We have just read about the proposed redesign of the 2016 SAT, something which seems to take place every 10 years or so, probably ever since the SAT’s official beginning some 90 years ago in 1926.
This is the test which as you all know, along with the ACT, begun later, in 1959, have together been the principal filters through which those teens who would attend a liberal arts college must successfully pass. The redesigned 2016 SAT would make several important changes —
• eliminate all obscure and arcane vocabulary words, as well as the penalty for guessing incorrect answers,
• include, in the reading and writing section, source documents from a broad range of disciplines, including science and social studies, as well as from the country’s founding text documents.
• make the essay optional,
• reinstate the 1,600 point scale,
• simplify the math content, stressing depth rather than width,
Now this reform, as is true of most reforms, and not only those in education, comes in response to more and more complaints from students, parents, teachers and school administrators, and most importantly from the college admissions people themselves. But I would ask those behind the redesign, and most especially the 2016 SAT’s principal designer, David Coleman, if they really believe that the envisioned changes will lower if not eliminate the number of complaints?
Of course it won’t. No more than has anyone of the myriad reforms of our system of public education during the nearly 170 years since Massachusetts in 1852 passed the first compulsory school laws lessened even a bit the amount of dissatisfaction with our public schools felt during all those years.
Why is this? Because no series of reforms, no series of tests, no revised SAT, no matter how well reasoned and well applied they may be, will do anything to decrease the separation or distance between those who can and those who can’t.

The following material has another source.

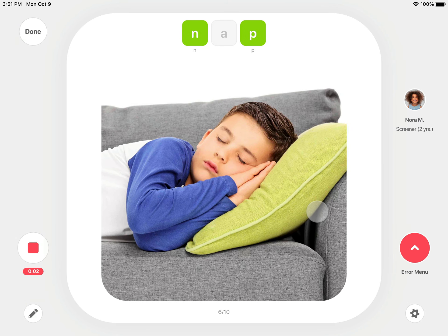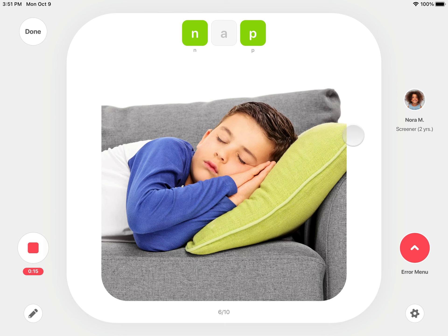If the student does not know a word, tap the picture for an audio prompt. The green scoring tiles represent the sounds being tested. If the student says the sounds correctly, do nothing with the scoring tiles.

Whereas income may be redistributed, from those who have to those who have not, much as Bill de Blasio would do in present day New York City, talent and ability cannot. The dissatisfaction of the many will still be there. For there will always be perhaps a majority of teenagers whose test results, rightly or wrongly, will leave them out of competitive college consideration. Although this is not to say that more deserving teens, separated now by poverty, can be found out there where they may be presently overlooked, that more teens with promise can be helped if the schools and tests such as the SAT are better redesigned or reconfigured to find them and do so. But the many, no less deserving, will continue be left out.

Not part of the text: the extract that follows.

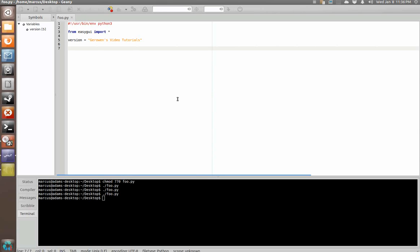It does pretty much exactly what the name implies. It generates a dialog with a series of buttons that you can specify the text for and then it returns a value based on which button you click.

Coleman’s motivation to redesign the test was not baseless, not without merit. He said he wanted to make the test reflect more closely what students actually did in their high school classes, much as the achievement tests presently do. On the surface that seems to make sense. Also, and perhaps even more important, Coleman wanted to rein in the intense coaching and tutoring on how to take the test that often gave affluent students an advantage.
Consider the following picture, taken from the same article in the Times Magazine. Now as they say, one picture is worth, how many? a thousand words?

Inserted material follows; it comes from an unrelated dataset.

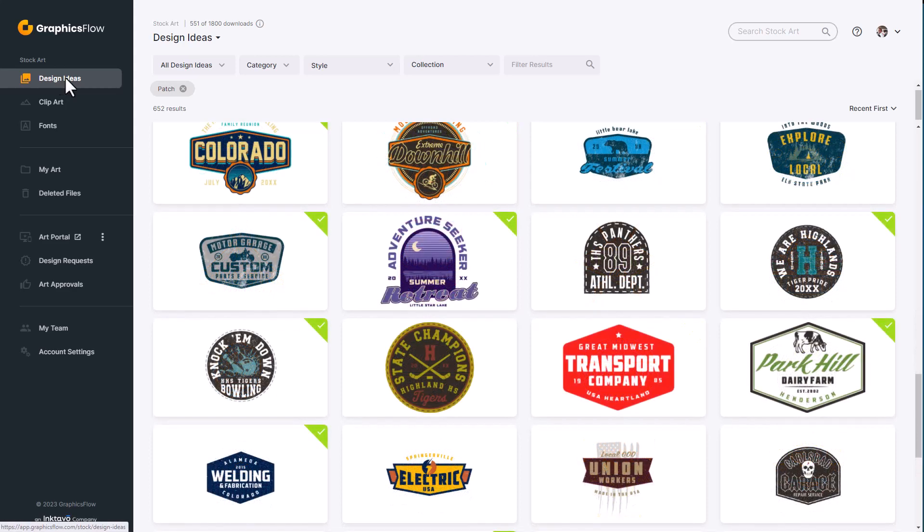GraphicsFlow has five primary components. The first component is Stock Artwork. This is the industry's largest library of interactive design templates, clip art, and fonts designed specifically for decoration.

Now if this is true, and I’m assuming it’s true, doesn’t that mean, or at least strongly imply, that the SAT is a test of family income more than of the knowledge of the test taker. David Coleman’s solution, or non solution, to this regrettable situation is to make test prep available to everyone. How would he do this? Well by means of close collaboration with Sal Khan’s Khan Academy, making available without cost the Academy’s thousands of online tutorials in hundreds of school subjects, thereby diminishing if not eliminating the present unseemly role of family income on test results.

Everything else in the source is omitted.